AuraFlowPipeline.__call__ raises a dtype-mismatch RuntimeError in the VAE
decode when the same pipeline instance is called a second time. A single
call succeeds; the error only appears on reuse (e.g. a warmup call followed by a
real call).

Root cause is in the decode block:

needs_upcasting = self.vae.dtype == torch.float16 and self.vae.config.force_upcast
if needs_upcasting:
    self.upcast_vae()                     # casts the ENTIRE vae to float32 in place
    latents = latents.to(next(iter(self.vae.post_quant_conv.parameters())).dtype)
image = self.vae.decode(latents / self.vae.config.scaling_factor, return_dict=False)[0]

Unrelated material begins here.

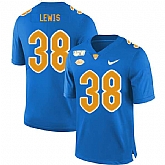 Pittsburgh Panthers 38 Ryan Lewis Blue 150th Anniversary Patch Nike College Football Jersey Dzhi,baseball caps,new era cap wholesale,wholesale hats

upcast_vae() upcasts the whole VAE to float32 in place, so after the first
call self.vae.dtype == torch.float32 permanently. On the second call
needs_upcasting is therefore False, the latents.to(...) line is skipped,
and float16 latents are fed to the now-float32 VAE:

RuntimeError: Input type (c10::Half) and bias type (float) should be the same

This is the same class of bug fixed for pipeline_pixart_sigma.py in #8391
that fix cast the latents to the VAE dtype unconditionally at the decode call.
The equivalent line in pipeline_aura_flow.py still guards the cast behind
if needs_upcasting:.

Reproduction

import torch
from diffusers import AuraFlowPipeline

pipe = AuraFlowPipeline.from_pretrained("fal/AuraFlow", torch_dtype=torch.float16).to("cuda")
prompt = "A cat holding a sign that says hello world"
gen = lambda: pipe(prompt=prompt, height=512, width=512, num_inference_steps=50,
                   guidance_scale=3.5, generator=torch.Generator("cuda").manual_seed(42))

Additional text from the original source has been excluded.